--- Data shown ---

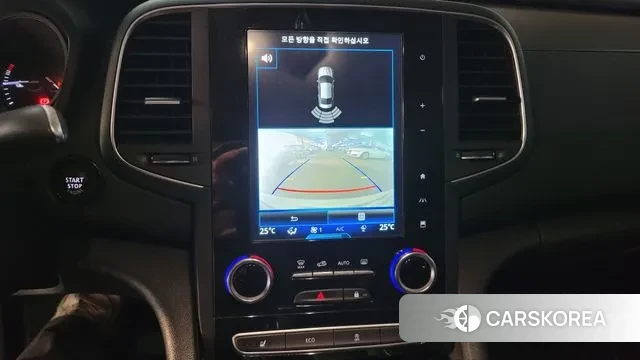 Renault Korea (Samsung) SM6 2019 Жемчужный цвет из Кореи, фото 5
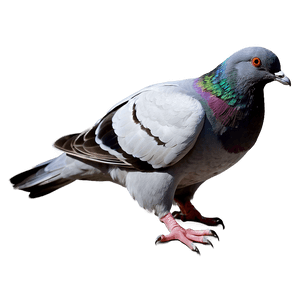 Pigeon Silhouette PNG 63 PNG image with transparent background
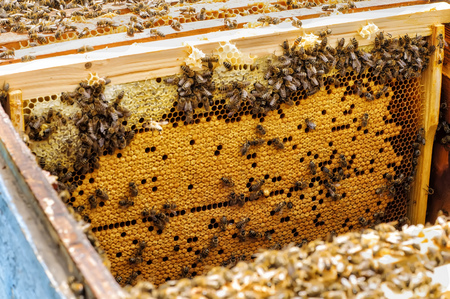 Bee larvae in the hive on a honeycomb. hiveの写真素材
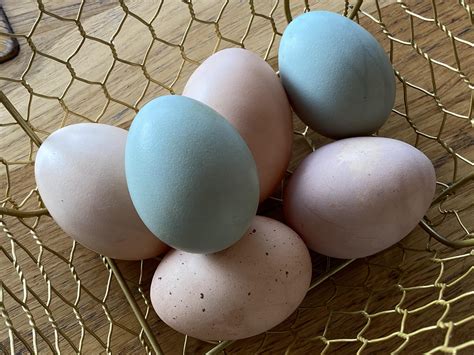 silkie chickens eggs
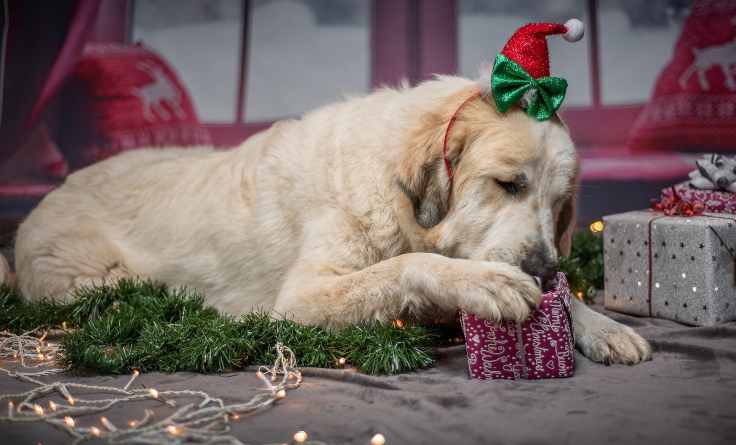 regalare cagnolino natale 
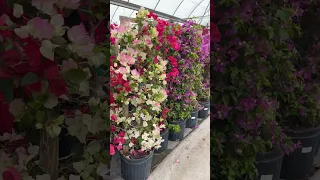 15 Seconds of Bougainvillea! #gardening #landscape #garden #landscaping #backyard #flowers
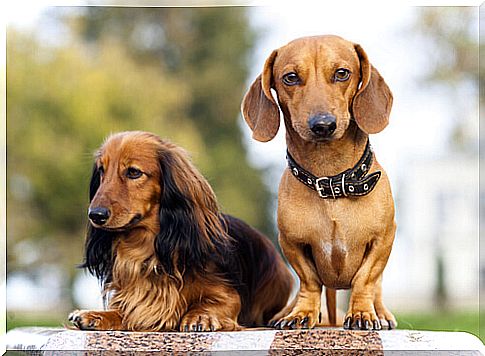 Two dachshunds lying down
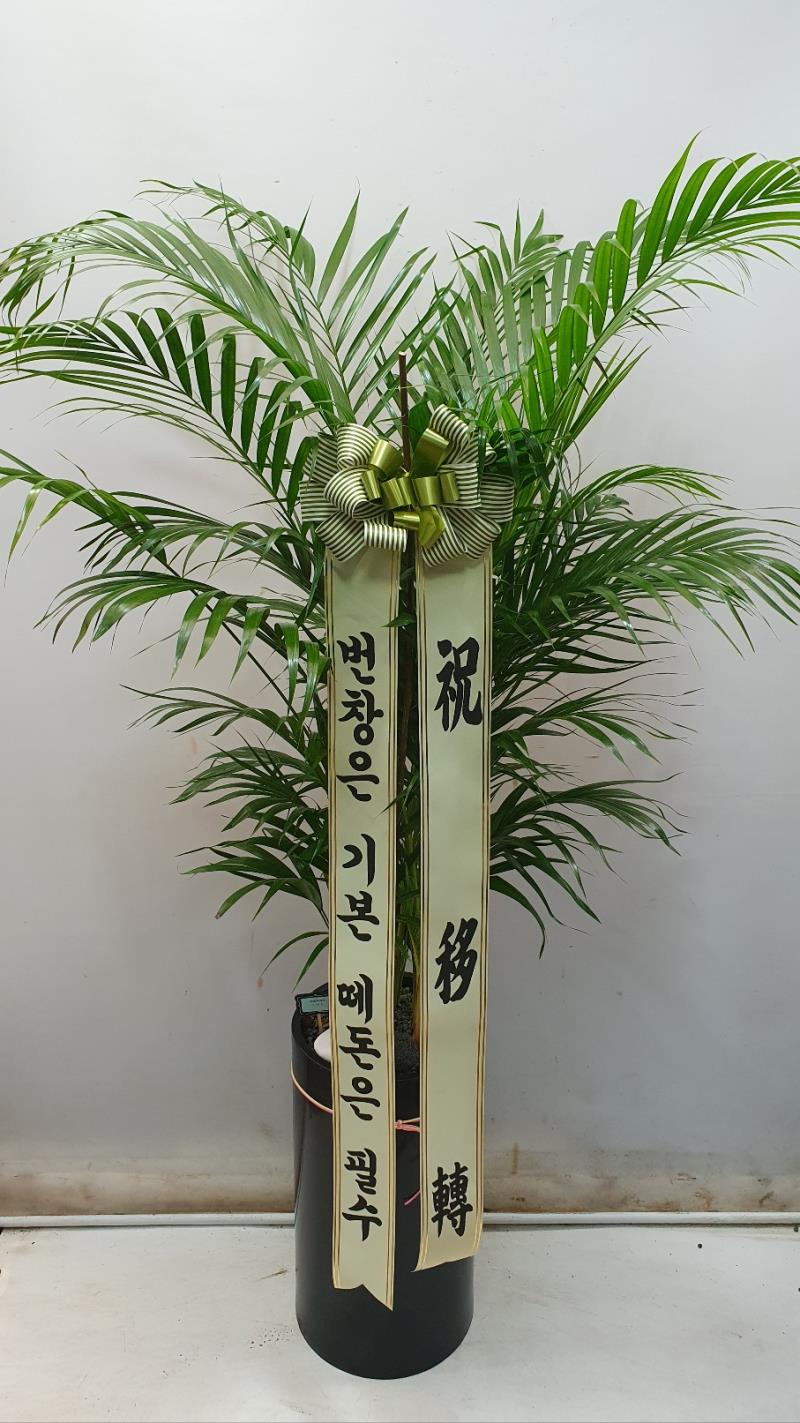 배송사진2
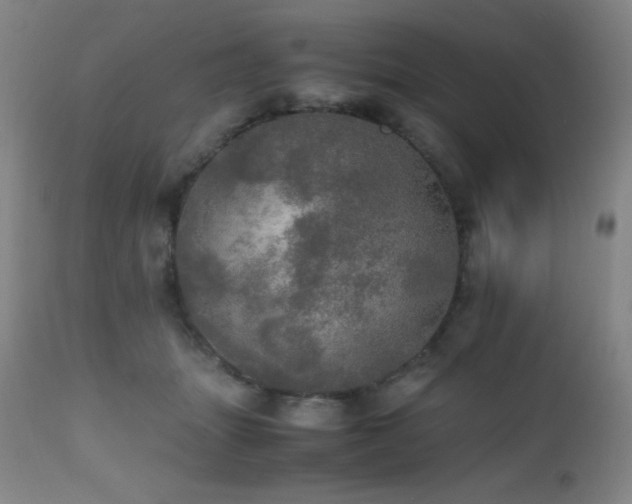 X0000112970463200908271146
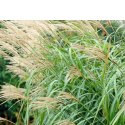 Miskant chiński -Miscanthus sinensis 'Silberfeder' ROŚLINY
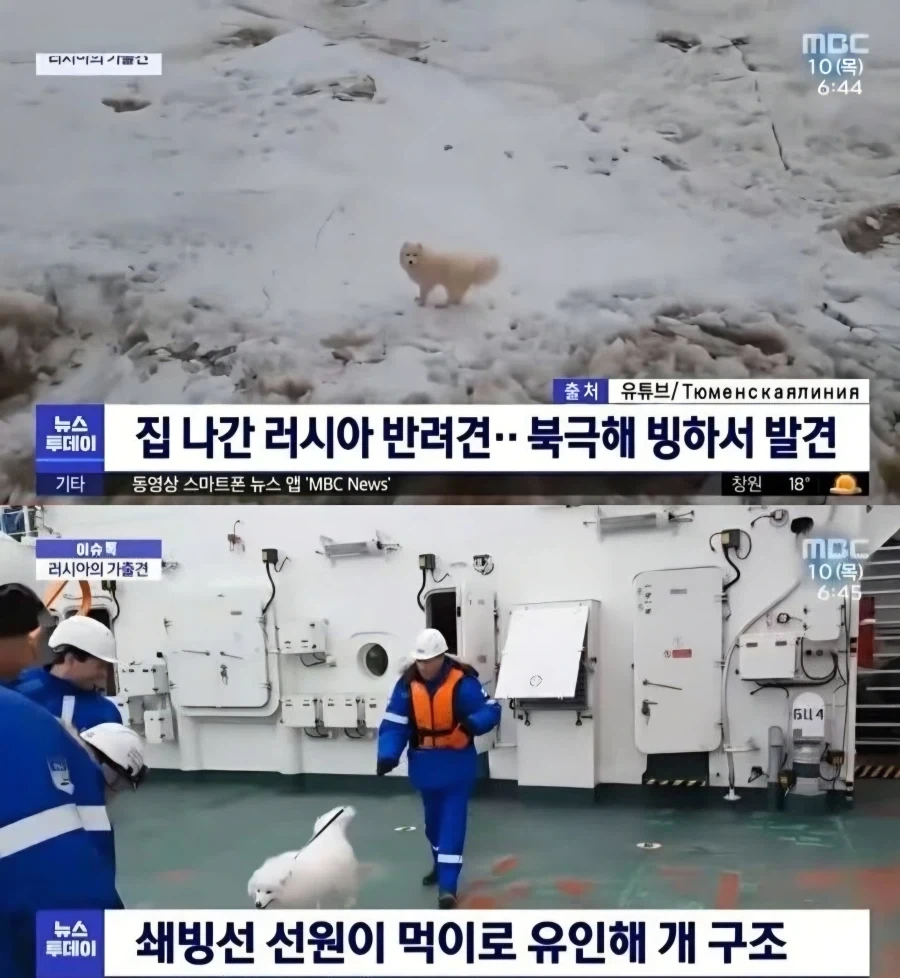 집 나가면 개고생이다_1.webp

---

Nothing but the records above, exact and without pictures, should appear in the answer.

Response to this exercise
 Renault Korea (Samsung) SM6 2019 Жемчужный цвет из Кореи, фото 5
 Pigeon Silhouette PNG 63 PNG image with transparent background
 Bee larvae in the hive on a honeycomb. hiveの写真素材
 silkie chickens eggs
 regalare cagnolino natale 
 15 Seconds of Bougainvillea! #gardening #landscape #garden #landscaping #backyard #flowers
 Two dachshunds lying down
 배송사진2
 X0000112970463200908271146
 Miskant chiński -Miscanthus sinensis 'Silberfeder' ROŚLINY
 집 나가면 개고생이다_1.webp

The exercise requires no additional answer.